* Collected data
_ _ _ _
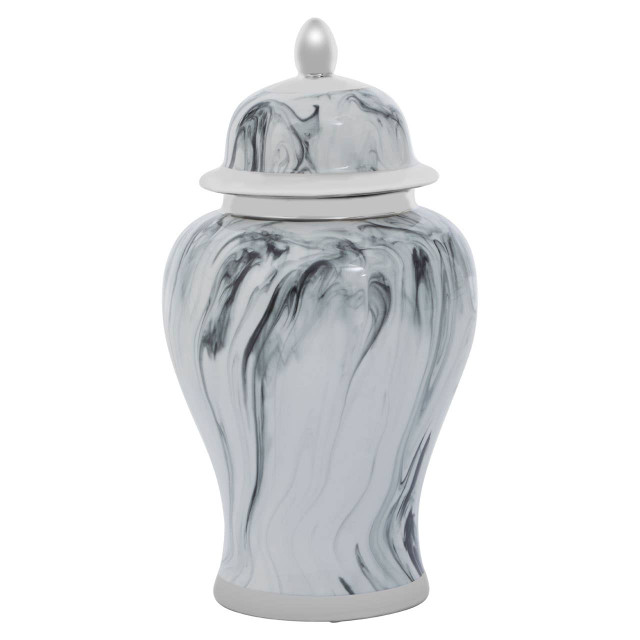 Premier Housewares Marmo Grey And White Marble Effect Small Ceramic Jar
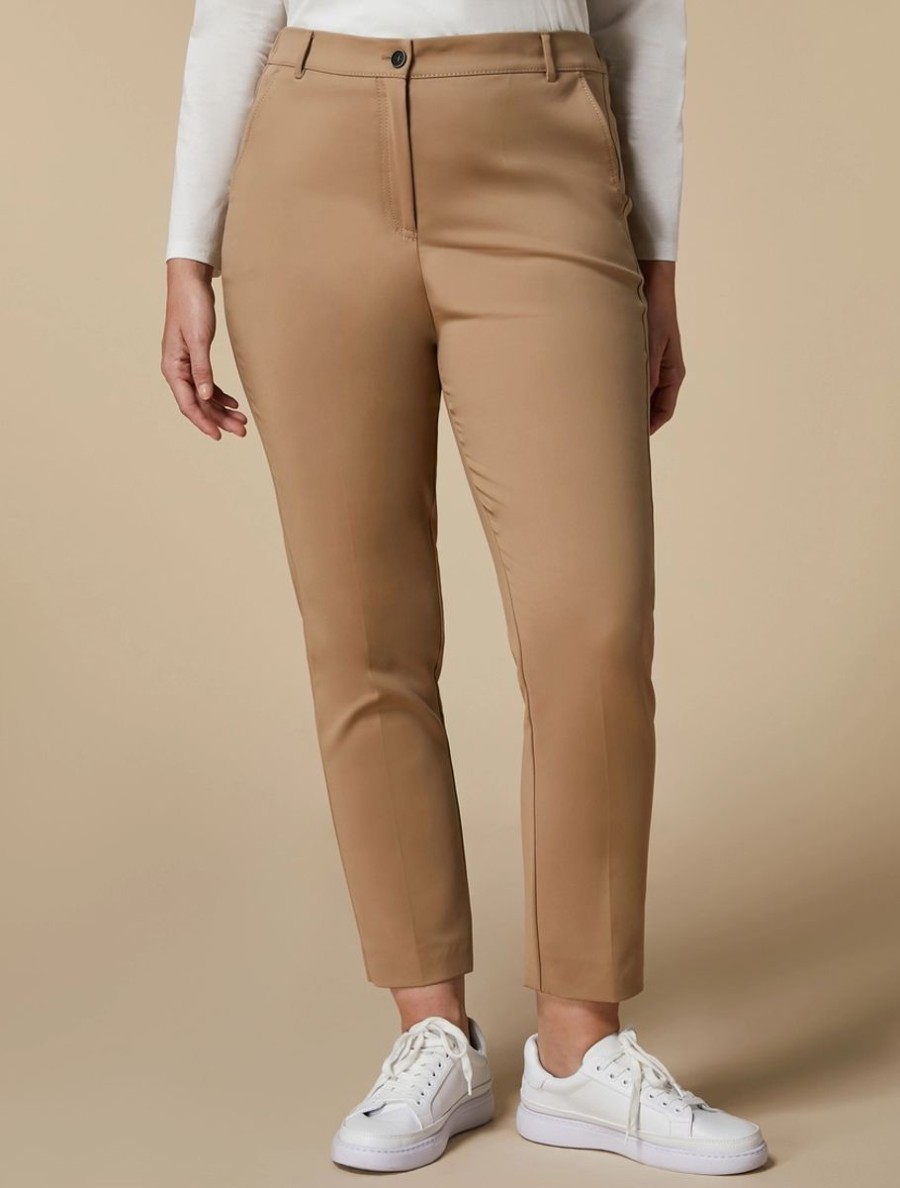 Abbigliamento Marina Rinaldi | Pantaloni Tecnici In Misto Cotone Cammello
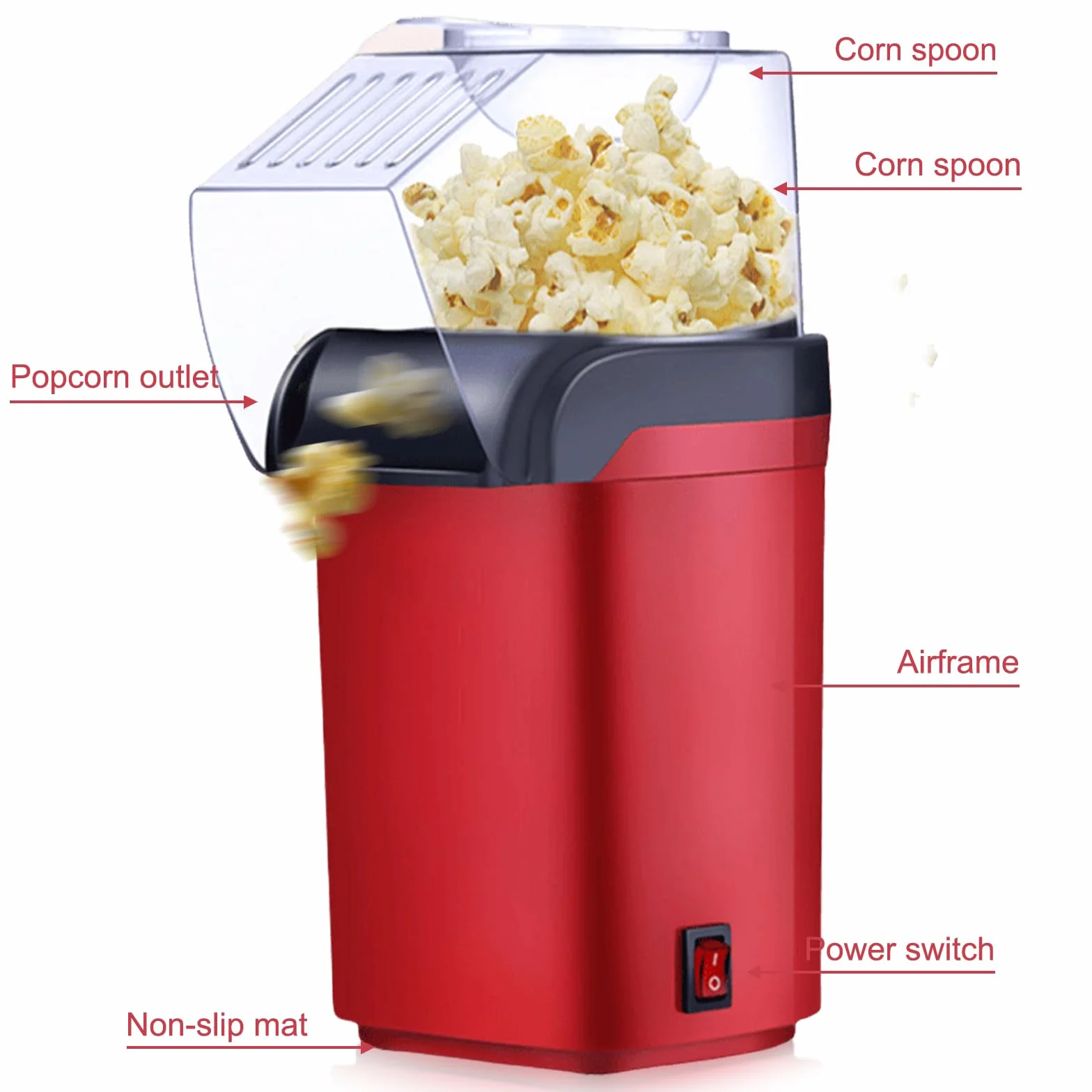 Maszyna do popcornu na gorące powietrze, 1200 W, bez oleju, bez tłuszczu, bez BPA, szybka w 3 minuty, obsługa jednym dotknięciem, kompaktowy automat do popcornu w stylu retro, do domu, kina domowego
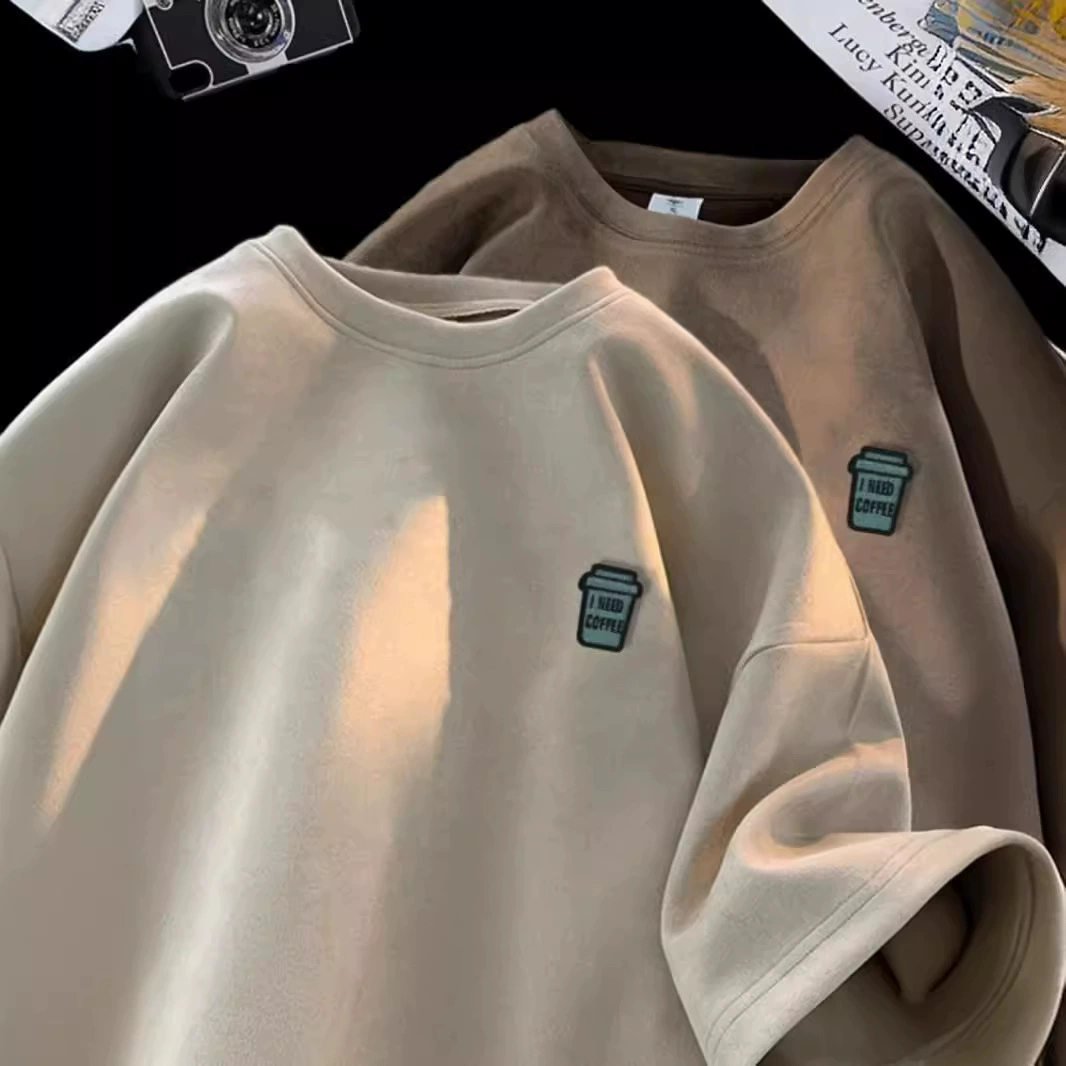 220 г весовая футболка с короткими рукавами высокого веса для мужчин летом ретро прилив принт свободная одежда замшевая половина рукава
_ _ _ _
* Assigned task
Please repeat all of the data exactly as it stands, leaving the pictures out.

* Your solution
 Premier Housewares Marmo Grey And White Marble Effect Small Ceramic Jar
 Abbigliamento Marina Rinaldi | Pantaloni Tecnici In Misto Cotone Cammello
 Maszyna do popcornu na gorące powietrze, 1200 W, bez oleju, bez tłuszczu, bez BPA, szybka w 3 minuty, obsługa jednym dotknięciem, kompaktowy automat do popcornu w stylu retro, do domu, kina domowego
 220 г весовая футболка с короткими рукавами высокого веса для мужчин летом ретро прилив принт свободная одежда замшевая половина рукава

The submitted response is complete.